MWParserFromHell is a parser for MediaWiki wikicode.

Project description

Build Status Coverage Status

mwparserfromhell (the MediaWiki Parser from Hell) is a Python package that provides an easy-to-use and outrageously powerful parser for MediaWiki wikicode. It supports Python 2 and Python 3.

Developed by Earwig with contributions from Σ, Legoktm, and others. Full documentation is available on ReadTheDocs. Development occurs on GitHub.

Installation

The easiest way to install the parser is through the Python Package Index; you can install the latest release with pip install mwparserfromhell (get pip). Make sure your pip is up-to-date first, especially on Windows.

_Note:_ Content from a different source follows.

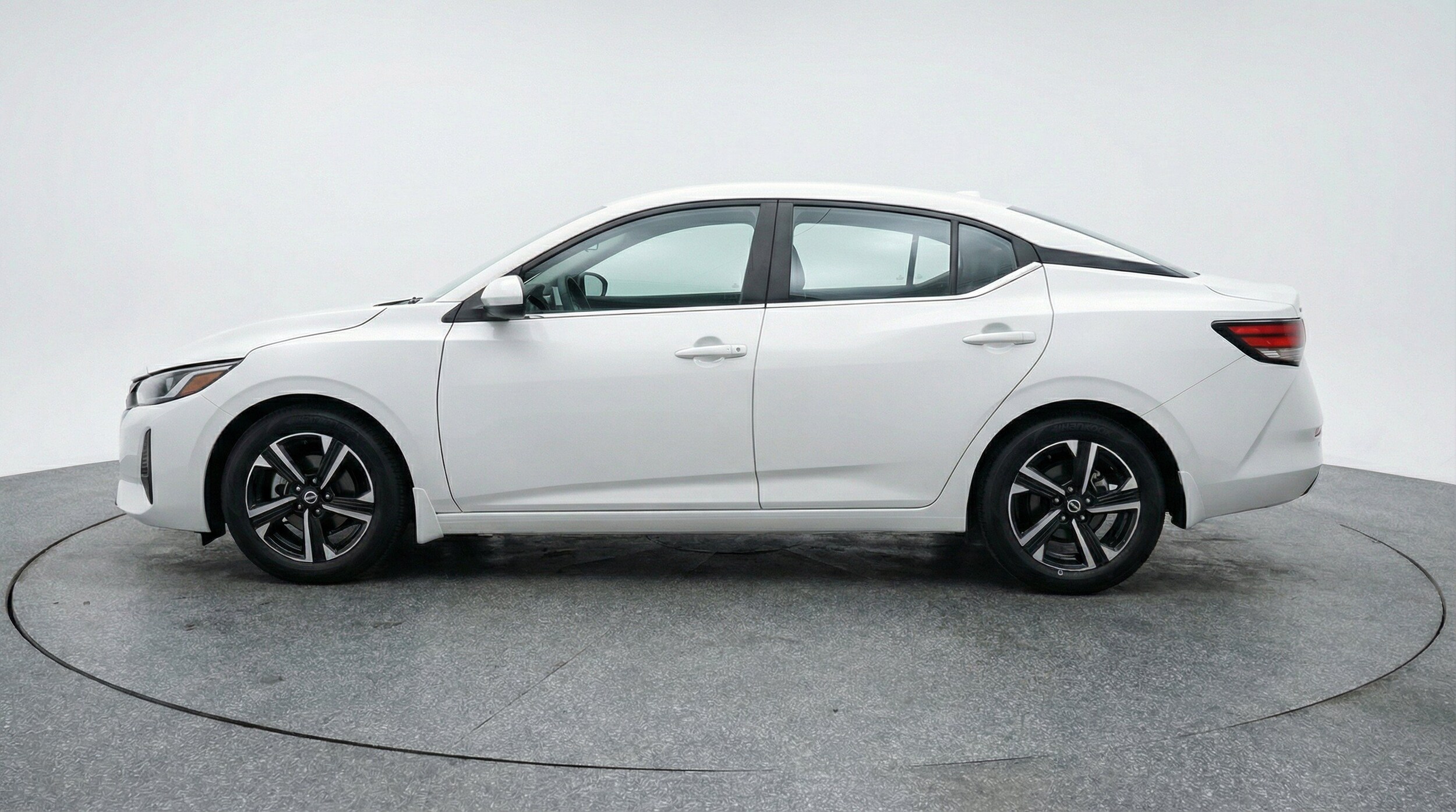 Thumbnail: 2025 Nissan Sentra - 5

Alternatively, get the latest development version:

git clone https://github.com/earwig/mwparserfromhell.git
cd mwparserfromhell
python setup.py install

You can run the comprehensive unit testing suite with python setup.py test -q.

Usage

Normal usage is rather straightforward (where text is page text):

>>> import mwparserfromhell
>>> wikicode = mwparserfromhell.parse(text)

wikicode is a mwparserfromhell.Wikicode object, which acts like an ordinary str object (or unicode in Python 2) with some extra methods. For example:

>>> text = "I has a template! {{foo|bar|baz|eggs=spam}} See it?"
>>> wikicode = mwparserfromhell.parse(text)
>>> print(wikicode)
I has a template! {{foo|bar|baz|eggs=spam}} See it?
>>> templates = wikicode.filter_templates()
>>> print(templates)
['{{foo|bar|baz|eggs=spam}}']
>>> template = templates[0]
>>> print(template.name)
foo
>>> print(template.params)
['bar', 'baz', 'eggs=spam']
>>> print(template.get(1).value)
bar
>>> print(template.get("eggs").value)
spam

Since nodes can contain other nodes, getting nested templates is trivial:

>>> text = "{{foo|{{bar}}={{baz|{{spam}}}}}}"
>>> mwparserfromhell.parse(text).filter_templates()
['{{foo|{{bar}}={{baz|{{spam}}}}}}', '{{bar}}', '{{baz|{{spam}}}}', '{{spam}}']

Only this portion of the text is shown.